Journal for November 16, 2010
There has been a long debate throughout the history of Christianity as to the nature of God and how he can be understood. Some theologians and traditions maintain that God is a mystery, a paradox, and cannot be described using words or concepts. That He is beyond concepts and both outside and other than but also permeating the physical world. Others assert that understanding of God can be achieve by human reasoning, thought, and logic. He is both knowable and describable.

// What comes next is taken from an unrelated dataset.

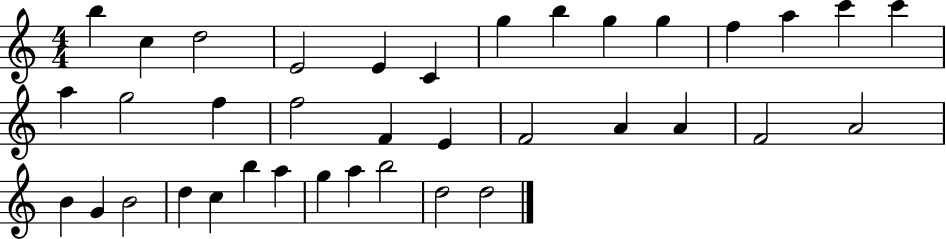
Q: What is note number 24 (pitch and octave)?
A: F4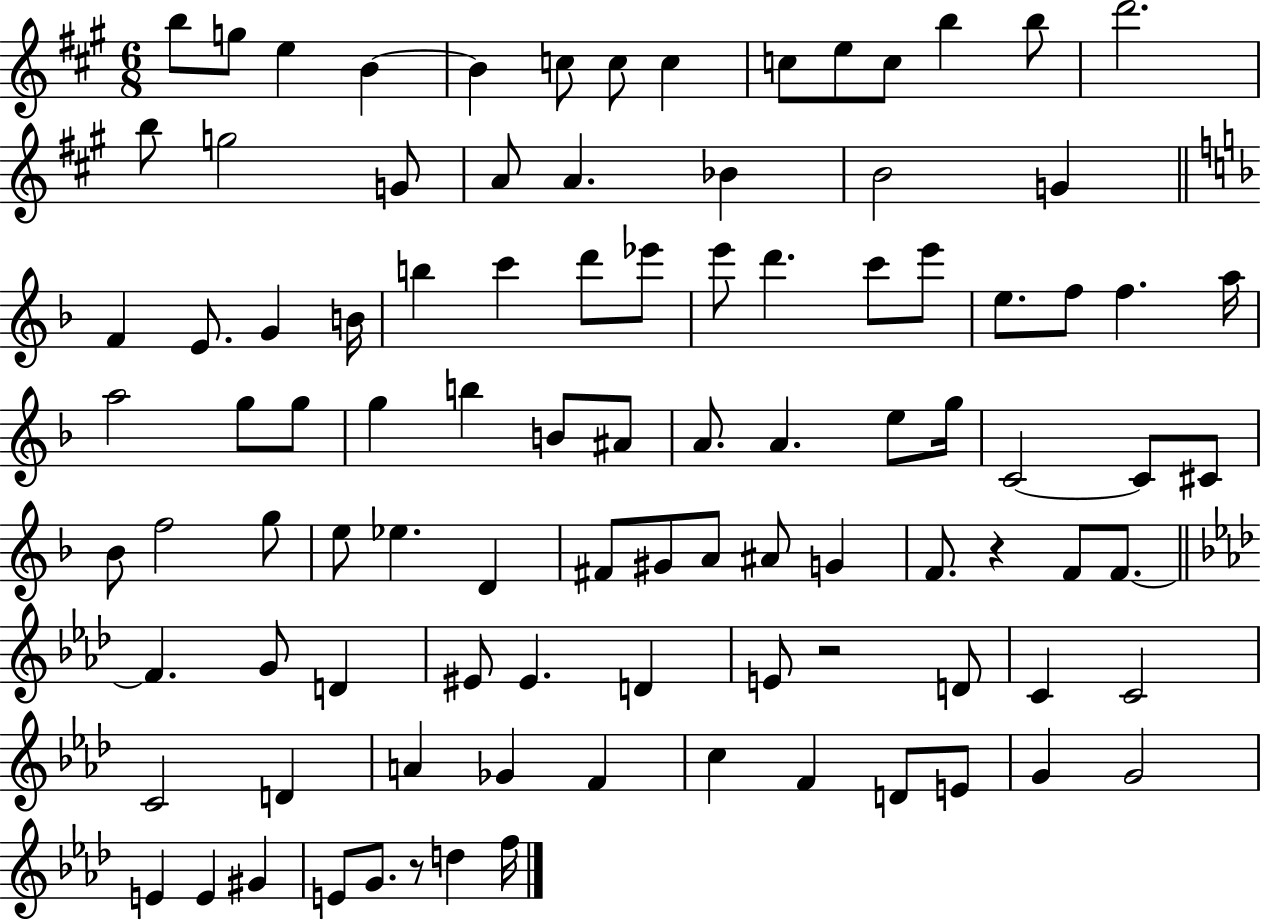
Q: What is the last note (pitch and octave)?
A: F5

I wasn’t really surprised at these two interpretations. They sound a lot like Buddhism. There are some forms that are esoteric, hidden, designed to open the mind like a flash of lighting. Then there are forms that are systematic, categorical, logical, designed to cultivate virtues and mental qualities over decades, if not lifetimes. We could only discover whether one is better than the other by following both paths over the course of many years, which is practically impossible. The only way to really evaluate them is to look at their more immediate effects, look at the people walking ahead and behind. Are they good people?

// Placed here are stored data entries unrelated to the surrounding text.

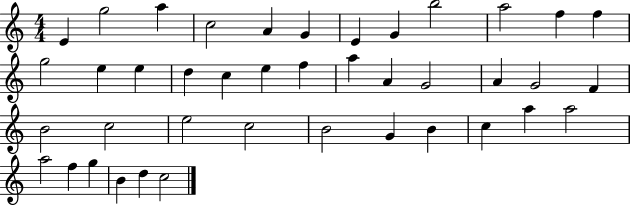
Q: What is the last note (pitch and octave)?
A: C5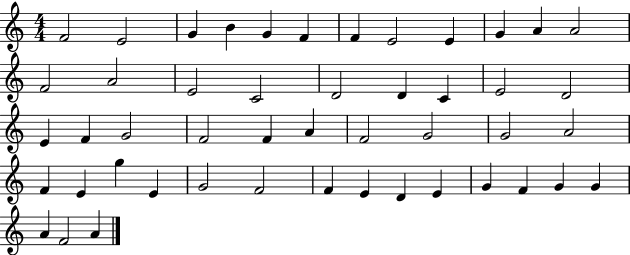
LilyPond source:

{
  \clef treble
  \numericTimeSignature
  \time 4/4
  \key c \major
  f'2 e'2 | g'4 b'4 g'4 f'4 | f'4 e'2 e'4 | g'4 a'4 a'2 | \break f'2 a'2 | e'2 c'2 | d'2 d'4 c'4 | e'2 d'2 | \break e'4 f'4 g'2 | f'2 f'4 a'4 | f'2 g'2 | g'2 a'2 | \break f'4 e'4 g''4 e'4 | g'2 f'2 | f'4 e'4 d'4 e'4 | g'4 f'4 g'4 g'4 | \break a'4 f'2 a'4 | \bar "|."
}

So that leaves us with the question of what makes most sense for us personally. Of course, where I use ‘sense’ other people will use ‘heart.’ They’ll follow the tradition that speaks most strongly to their heart, the one that feels right. This is, most likely, why I cannot follow Trungpa’s teachings.
On page 114, he writes about the moment you experience secret drala. “It does not contain doubt or disbelief at all,” he says. But I cannot trust what I cannot doubt. The idea that “you experience a state of mind that is … free from hesitation and disbelief” seems very dangerous to me. After all, history is full of dictators who were certain they were creating a better world while slaughtering thousands, millions of people.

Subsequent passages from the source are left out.